Another sliding window-based method is [99] which developed DP2MFD, a deformable parts
model integrated with deep pyramid features, wherein the face is defined as a collection of parts
which are trained alongside the global face, to achieve scale invariant, state of the art detection.
Furthermore, [100] attempted to address the issue of multi-view face detection by proposing a
minimally complex Deep Dense Face Detector (DDFD) without the need for pose or landmark
annotation. It achieved similar results to highly complex methods but is limited due to inadequate
sampling strategies and the need to improve data augmentation. Faceness [101] claimed to achieve
effective face detection even in cases where over 50% of a given facial region was affected by
occlusion. It also claimed to overcome significant pose variation, with the added benefit of accept
arbitrary images of varying scale. This was achieved using a set of attribute aware deep networks
which were pre-trained with generic objects, followed by refinement using specific part-level
binary attributes. However, the authors acknowledged that improvements in speed were possible,
noting the benefits of integrating model compression techniques and approximation of non-linear
filtering with low-rank expressions [102]. Another recently proposed method is ScaleFace: [93],
which designed a simplified multi-network CNN approach capable of detecting faces at a very
wide range of scales, by using a specialized set of DCNNs with varying structures, without the
use of a traditional image pyramid input. Finally, [94] evaluated the significant impact of
contextual information on the detection of very small faces, subsequently developed massively-
large receptive field based templates used to train separate detectors for different scales, improving
the state of the art results on WIDER FACE from 29-64% to 81% . Figure 3 shows illustrates the
significant progress achieved by face detection systems when detecting naturally occluded faces,
handling significant discrepancies in scale.
Despite the increasing accuracy and speed of face detection systems, the two greatest challenges
remain somewhat unresolved. Face detectors are required to cope with large and complex
variations in facial changes, and effectively distinguish between faces and non-faces in
unconstrained conditions. Furthermore, the large variation in face position and size within a large
search space presents challenges which reduce efficiency [103]. This calls for a trade-off between
high accuracy and computational efficiency. One benefit of less accurate Viola Jones inspired
cascade-based face detectors over CNN methods is their efficiency. Thus the greatest requirement
in the current field of research is the development of more efficient CNN face detection
techniques. [96] partly addressed this issue, achieving the current state of the art accuracy rate of
88.5% on the hard WIDER FACE test set by developing the Face Attention Network (FAN), a
novel face detector designed to improve recall in cases of occlusion without impacting on
computation speed. This was achieved by using an anchor-level attention to enhance facial
features within a face region, together with random crop data augmentation to tackle occlusion
and tiny faces. A comparison of the five highest accuracy face detectors as measured on the
WIDER FACE benchmark is provided in Table 2.

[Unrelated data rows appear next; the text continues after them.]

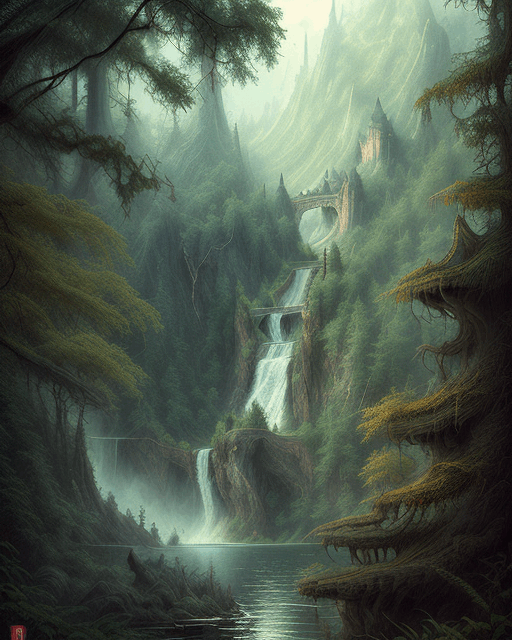 Forest lake waterfalls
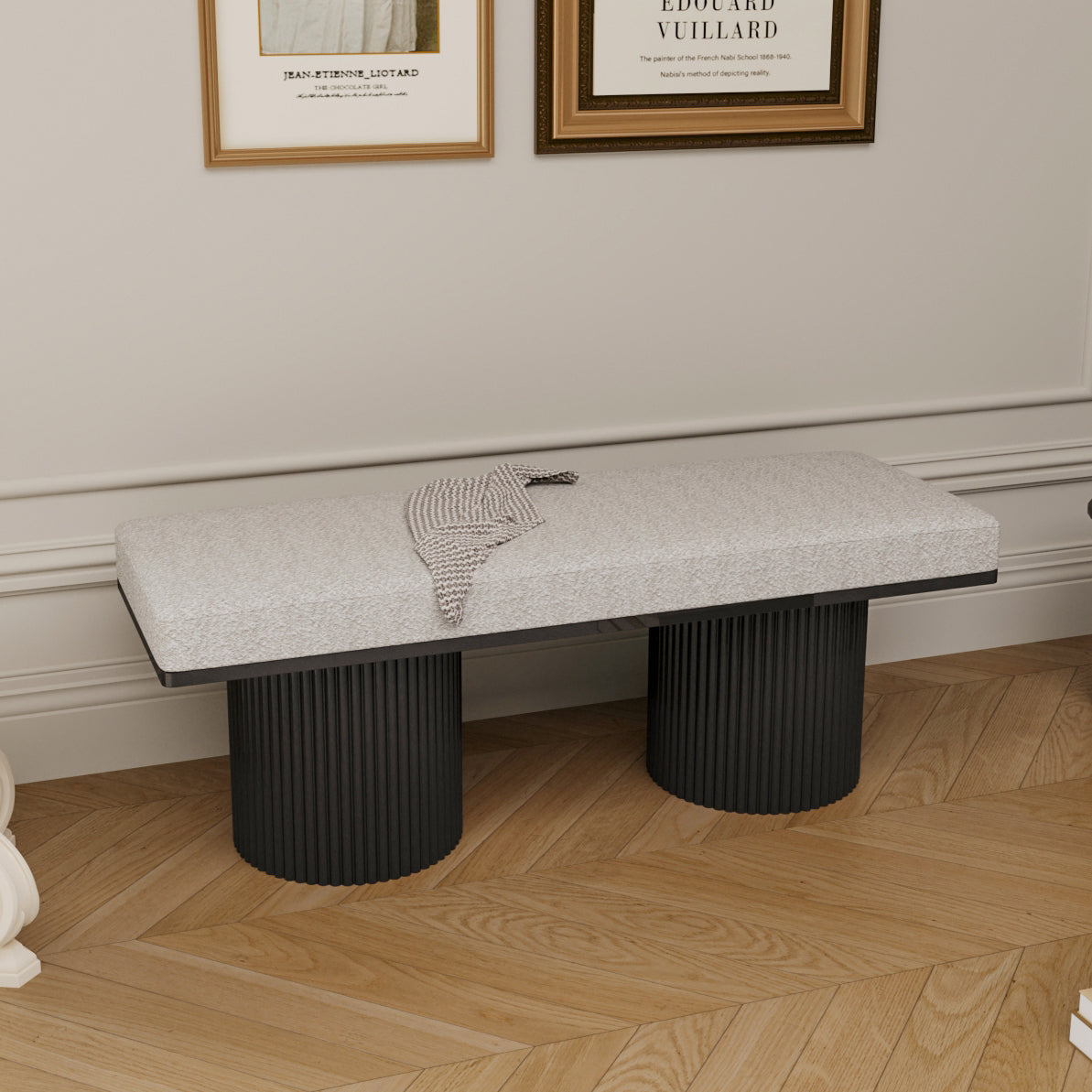 Light Grey Boucle Upholstered Bench | Black Legs | Contemporary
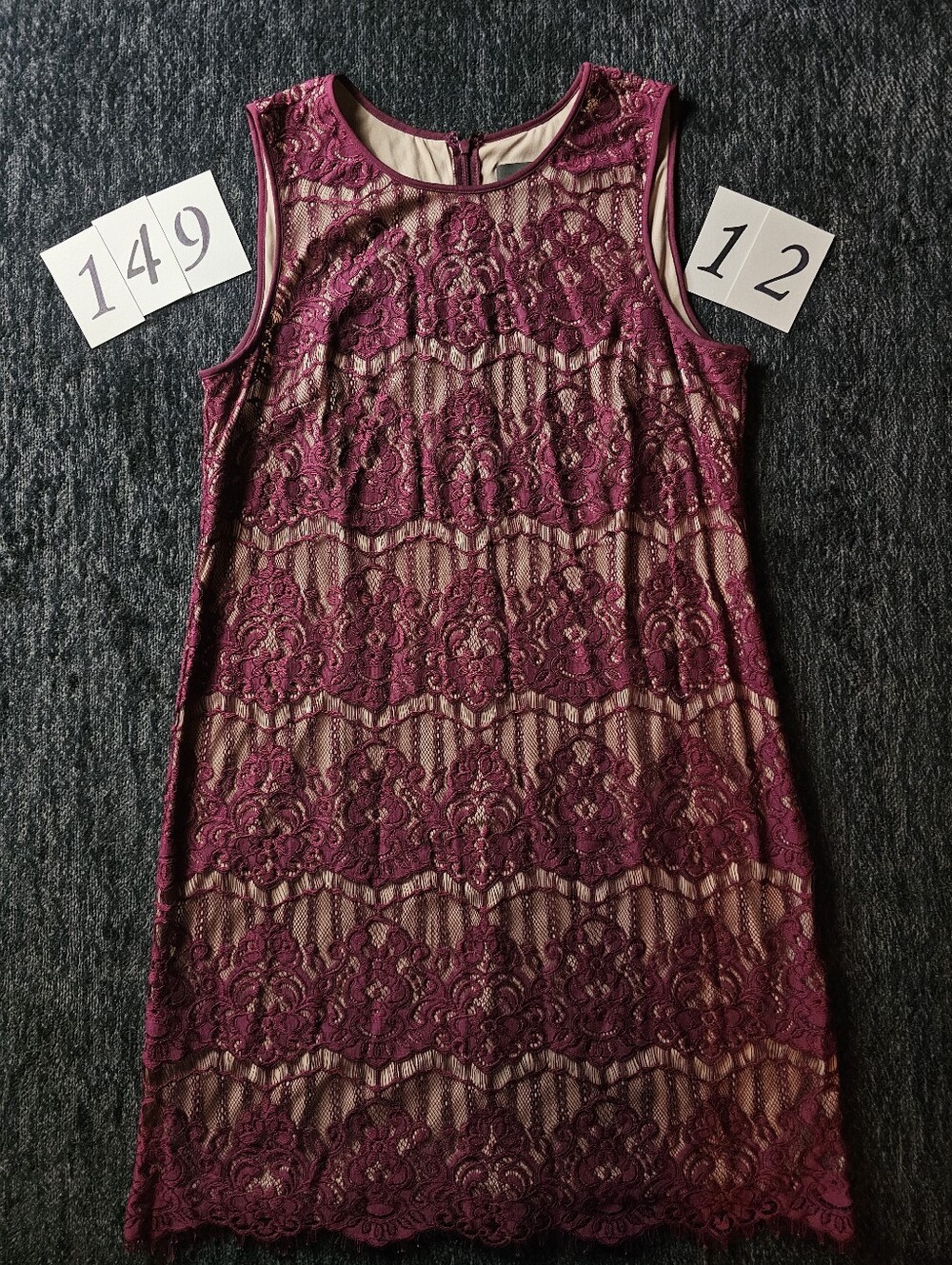 Adrianna Papell Sleeveless Lace Shift Dress in Deep Berry
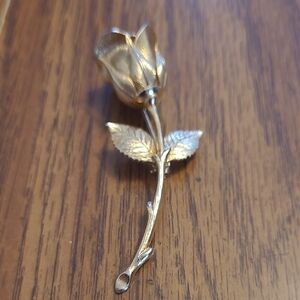 Vintage Gold-Tone Rose Brooch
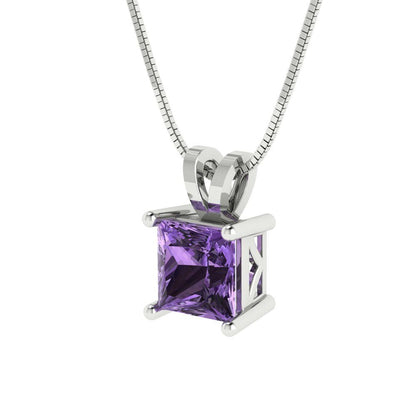 3cttw Princess Cut Alexandrite Gold-Plated 925 Silver Pendant and 18" Box-Chain Necklace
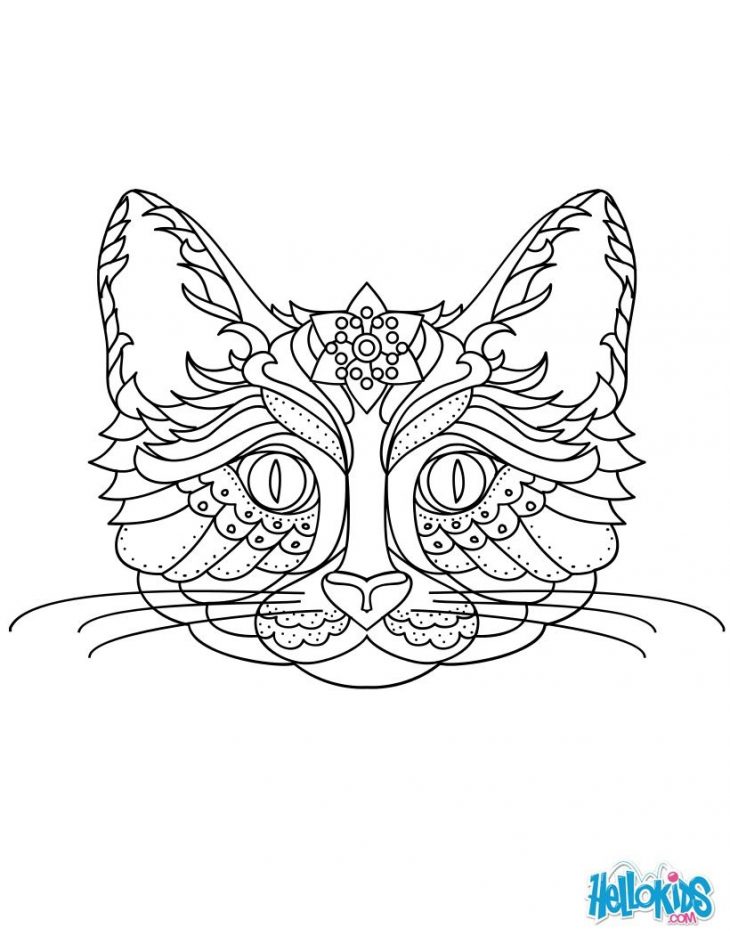 Un Magnifique Coloriage Mandala Chat Original Et Gratuit tout Coloriage De Chat En Ligne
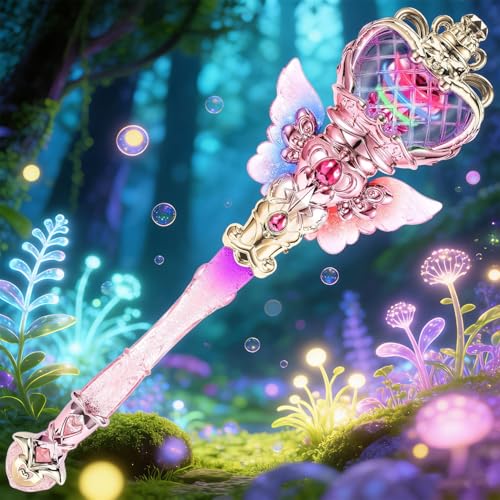 Image of PATPAT Light-Up Princess Magic Wand with Music, USB Rechargeable LED Fairy Magic Stick with Heart Crown & Angel Wings, Fantasy Role-Play Magical Stick Costume Party, Cosplay, Pretend Play & Gifting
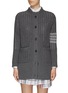 Main View - Click To Enlarge - THOM BROWNE  - FOUR-BAR MERINO WOOL CABLE KNIT CARDIGAN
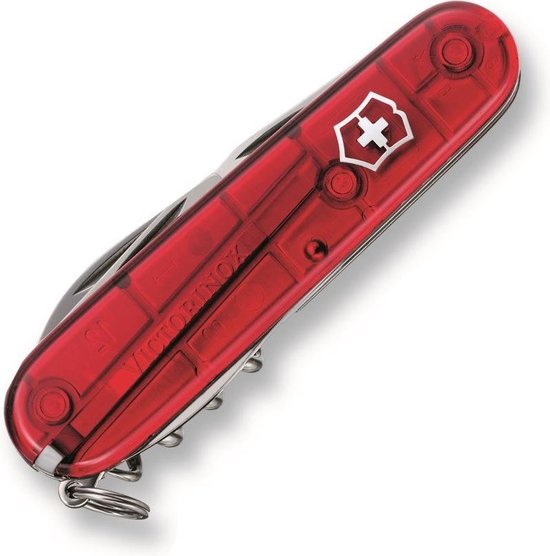 Couteau suisse Victorinox rouge transparent avec logo bouclier argenté.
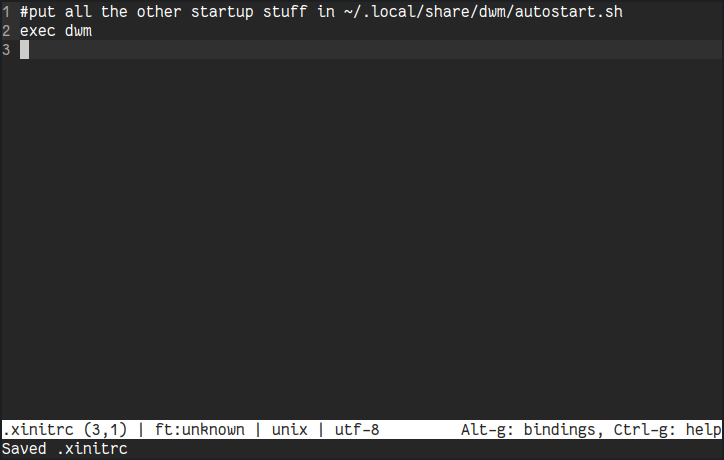 xinitrc in micro editor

Face recognition differs to object recognition in that it involves alignment before extraction [50].
This is reflected in the differences between CNNs used for face recognition and those used for
object recognition. An increase in data availability has resulted in development of learning-based
methods as opposed to engineered features due to their inherent ability to discover and optimize
features specific to a task. Consequently, learning methods have outperformed engineered
features [28]. In CNNs, a fiducial point detector is employed to localize important facial features
such as eye centers, mouth corners and nose tip. Once these landmarks have been identified, the
face is aligned and according to normalized canonical coordinates [110]. Subsequently, a feature
descriptor is extracted, encoding identity information. Similarity scores are then calculated using
these face representations. If this score is below a set threshold, the faces are classified as
belonging to the same identity. Model based DCNN methodologies employ training to learn a
shape model, which is used to fit new faces during testing. However, these learned models are
limited by their sensitivity to gradient descent optimization initialization and their lack the ability
to represent complex facial variations in pose, expression and illumination [1]. Deep cascade
regression based models, first proposed by [111], and improved by [112], rapidly outperformed
shallow methods such as [113] and [114]. These methods learn a model which directly maps the
appearance of the image to the target output. The effectiveness of these methods is highly
dependent on the robustness of the local descriptors used. However, most cascaded regression
methods involve independent regressor learning, which causes issues of cancelling regressor
descent direction, thus inhibiting learning. To address these shortcomings, [115] proposed a
combined convolutional recurrent network which allows training of an end-to-end system, in
which the recurrent module facilitates joint optimization of regressors by assuming cascades are
a non-linear, dynamic system. Thus, all information between cascade levels is used and shared
between layers.
Subsequently, more representative deformable 3D models used by [116] and [117] to estimate
facial poses and shape coefficients outperformed then state of the art shallow methods, including
[118] and [119]. These deep methods are however disadvantaged by the need to re-initialize
models when switching stages or networks, particularly in systems where local deep networks are
used to localize fiducial points based on facial patches, as seen in [111]. [120] used cascade
regression to predict a 3D to 2D projection matrix and base coefficients. The concept was further
developed in [116] which approached face alignment from a 3D model fitting perspective,
resulting in the development of a cascade of DCNN-based regressors which function to estimate
3D shape parameters, and the camera projection matrix. [121] addressed the problem of variations
in pose by using a simple, generic 3D surface to approximate the shape of all input faces. This
method is however limited by its reliance on the quality of detected landmarks which, if poor, can
cause the appearance of undesirable artifacts. Other works include [122] which used a DCNN to
fit a dense 3D face model to a given image, employing a Z-buffer to model depth data.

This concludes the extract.